Heritage Foundation analyst Jason Richwine, the co-author of a study claiming the immigration reform bill pending in the Senate would cost taxpayers $6.3 trillion, has decided to spend more time with his family. Or something. His departure from Heritage was hasty, to say the least.
Among other things, Richwine’s “study,” which was widely panned (even Paul Ryan has criticized its methodology) came to conclusions that were diametrically opposed to a previous study issued by Heritage just a couple of years ago. But that earlier effort was issued before Jim DeMint became Heritage’s new chief.

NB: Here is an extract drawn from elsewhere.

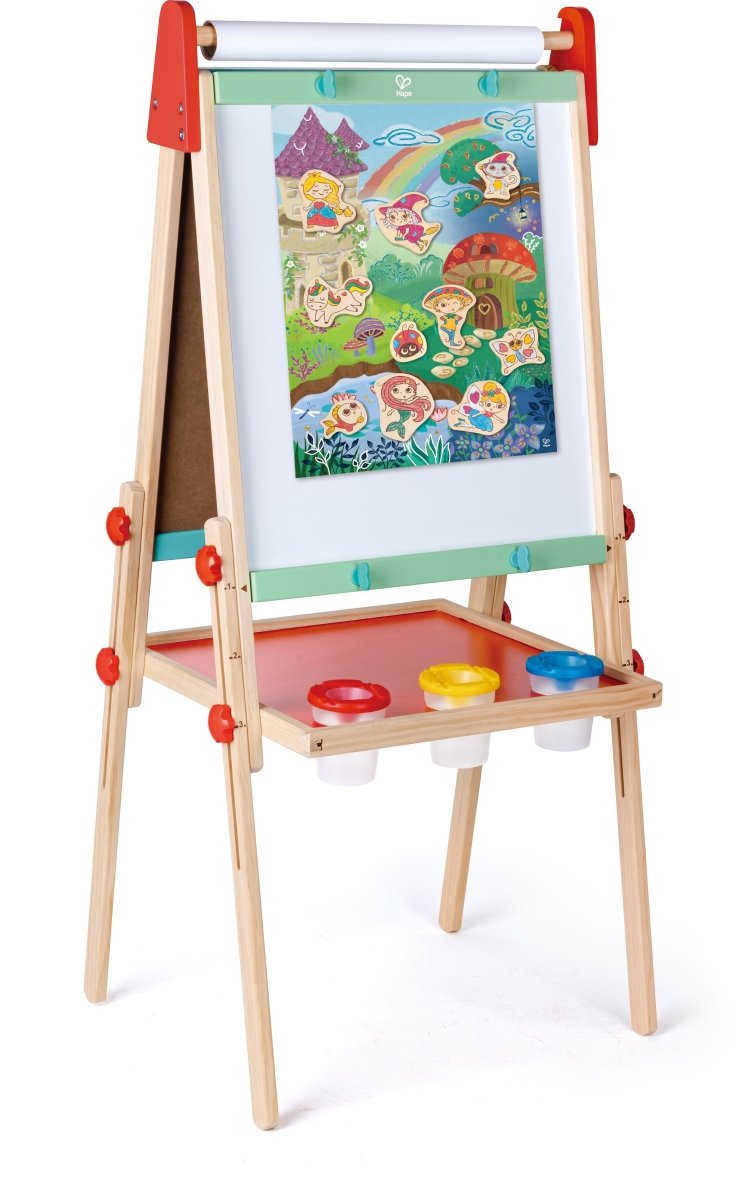 Hape DIY Magic Friends Art & Craft Set w/ Wooden Magnets - Premium for Kids in Qatar | Toysaro.com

The study’s conclusions were based in large part upon Richwine’s assertion that today’s immigrants have low IQ’s that they will pass on to their children–a racist assumption for which there is no credible evidence. In the wake of the report, Richwine’s dissertation–in which he espoused similar theories–became public, as did the fact that he had written articles in 2010 for a website founded by Richard Spencer, a self-described “nationalist” who writes frequently about race and against “the abstract notion of human equality.”
Heritage could hardly have been unaware of Richwine’s history; evidently, they saw his beliefs as a feature, not a bug.
The think tank has always had an ideological agenda, but the organization has previously made a show, at least, of actual scholarship. This episode has badly damaged whatever credibility Heritage retained. Richwine’s abrupt departure only underscores the damage.
Ironically, had they issued a less “over the top” report, opponents of immigration reform would undoubtedly have accepted it unquestioningly and used it as ammunition to derail reform. This product was so flawed, however, that it has been left to Rush Limbaugh to defend it. As a Maddow Blog post put it “The irony is, Heritage produced this report for exactly one reason: to provide some semblance of political cover to Republicans who needed a credible excuse to reject a bipartisan reform plan. The goal was to help the GOP and the far-right cause. The extent to which this backfired is extraordinary.”
It’s hard not to wonder how long Jim DeMint–an anti-science zealot who wouldn’t know real scholarship if he fell over it–will last.
5 thoughts on “That Was Quick…..”
Prof K Writes:
“Jim DeMint–an anti-science zealot who wouldn’t know real scholarship if he fell over it..”
Solunds like a perfect fit for Heritage.
It’s one thing when a group of ideologues claims the existence or nonexistence of some phenomenon (like climate change), based on some general claim they call “science”, but when you can go to the actual study and see how it was done, and see the problems in front of you, it’s hard to ignore that smoking gun. Once someone mentioned Richwine’s dissertation, that left it open for inspection, and he was done. Now THAT’s what science is about.
I wonder what his golden parachute amount was? He could spend lots of time with family if he was given a severance worth a few hundred thousand. That’s what bothers me most about these entities. They have so much money that no one leaves it “to spend time with family.” That’s a crock.
Unfortunately, now most think tanks are associated with some ideological position. You read the affiliation of the authors of an article or study and you know what position they are going to take. The data they cite will be interpreted to support their institutions position. If you contribute enough money, the chances are the staff will support your political philosophy. There is a great need for unbiased analysis of issues confronting the government. This is especially true in the public health and environmental protection areas.
There are many think tanks and foundations which are neutral and that seriously look at evidence, but their databased conclusions don’t always agree with the preconceived ideas of the demagogues. Furthermore, they don’t occupy the news stories, probably because truth is not always as exciting as preconceived hype and because the demagogues don’t always feature objective analysis. (Mark Twain’s opinions about politicians are still valid.) Just in the area of journalistic excellence, a quick Wiki search will reveal many of them. Heritage Foundation, Enterprise and a few others are always in the news, but as you say they tend to identify with some ideological position, so that not only drives people away from their stuff, but leads us to expect the worst of others. Not in the best interests of democracy.